What is being asked.
Once you find the line with "PRESTON INNOVATIONS OFFBOX" in the entries below, print it and each line after it up to and including the line with "The Winemaker", exactly, without pictures.

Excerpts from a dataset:

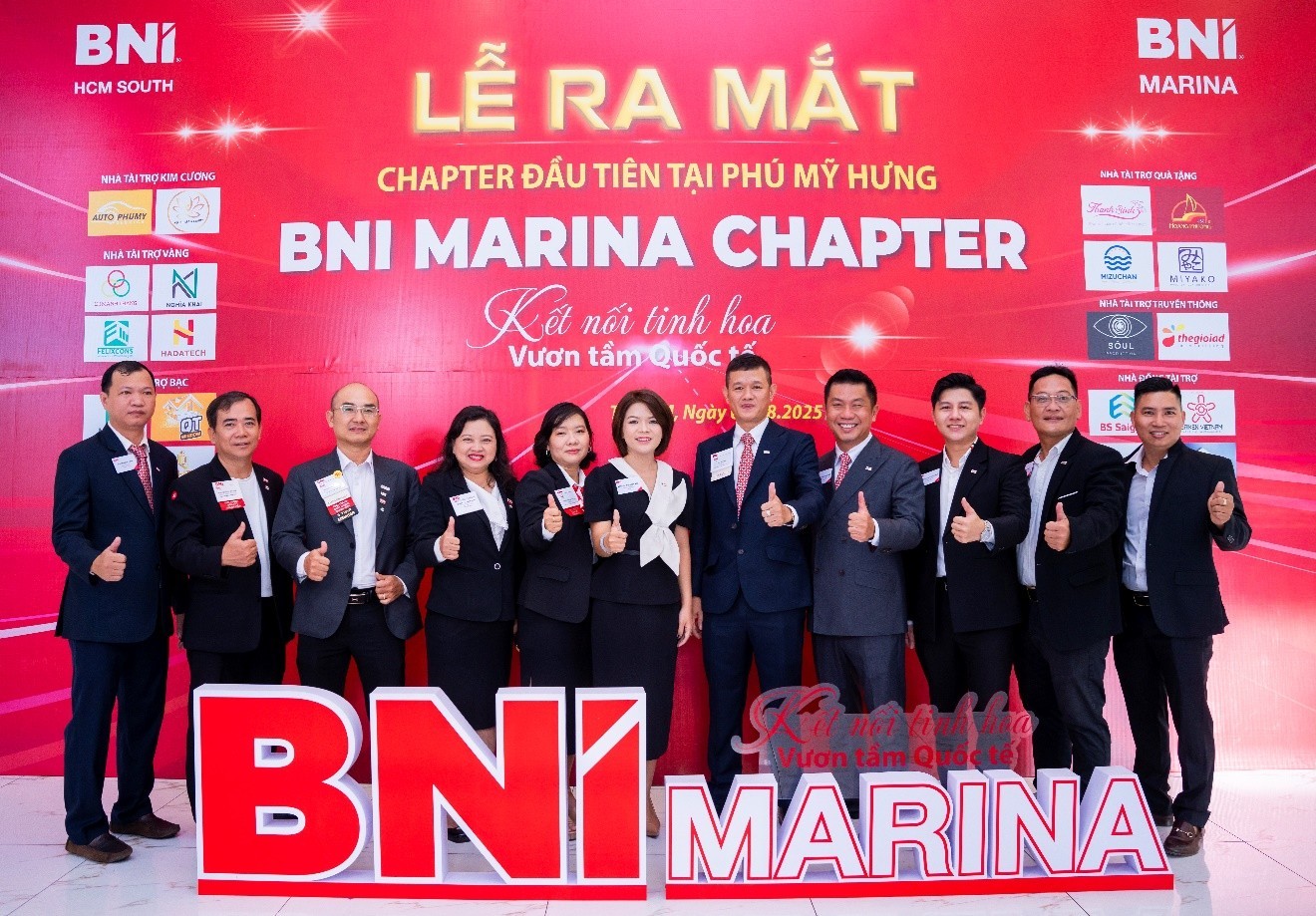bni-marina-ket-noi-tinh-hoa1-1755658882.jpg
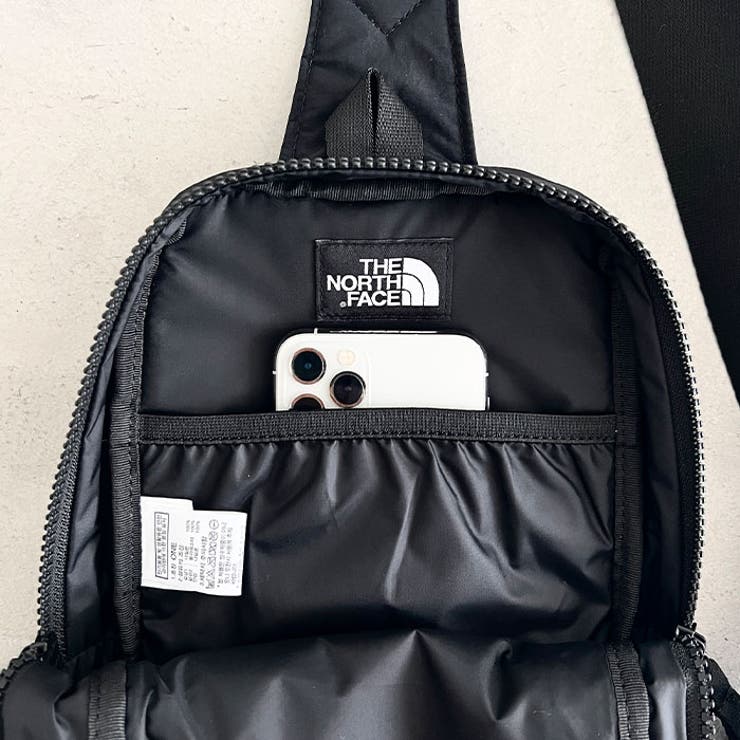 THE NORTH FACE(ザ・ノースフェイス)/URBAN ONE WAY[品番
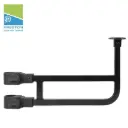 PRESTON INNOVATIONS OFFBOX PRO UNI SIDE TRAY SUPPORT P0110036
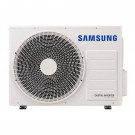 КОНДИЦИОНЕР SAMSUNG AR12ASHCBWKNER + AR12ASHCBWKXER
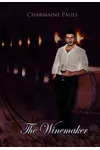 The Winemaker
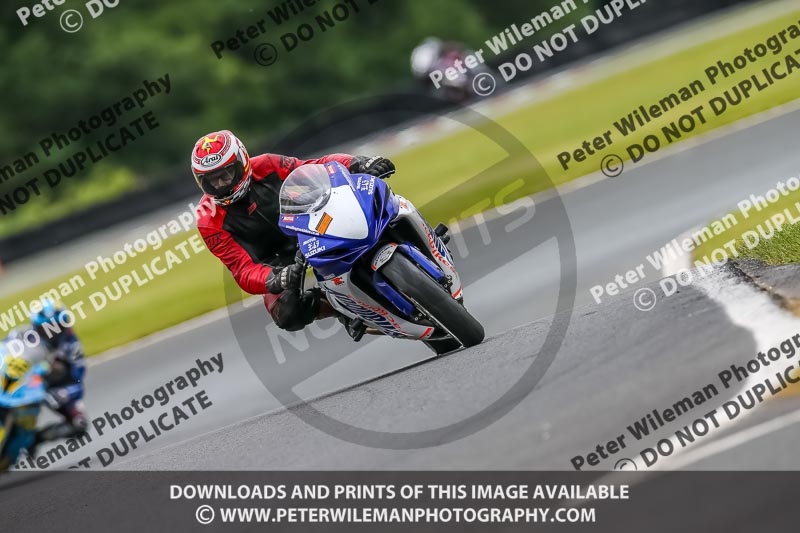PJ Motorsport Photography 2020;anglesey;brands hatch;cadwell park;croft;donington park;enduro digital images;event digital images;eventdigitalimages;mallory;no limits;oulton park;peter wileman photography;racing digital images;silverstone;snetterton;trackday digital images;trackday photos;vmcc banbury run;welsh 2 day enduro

Answer space.
 PRESTON INNOVATIONS OFFBOX PRO UNI SIDE TRAY SUPPORT P0110036
 КОНДИЦИОНЕР SAMSUNG AR12ASHCBWKNER + AR12ASHCBWKXER
 The Winemaker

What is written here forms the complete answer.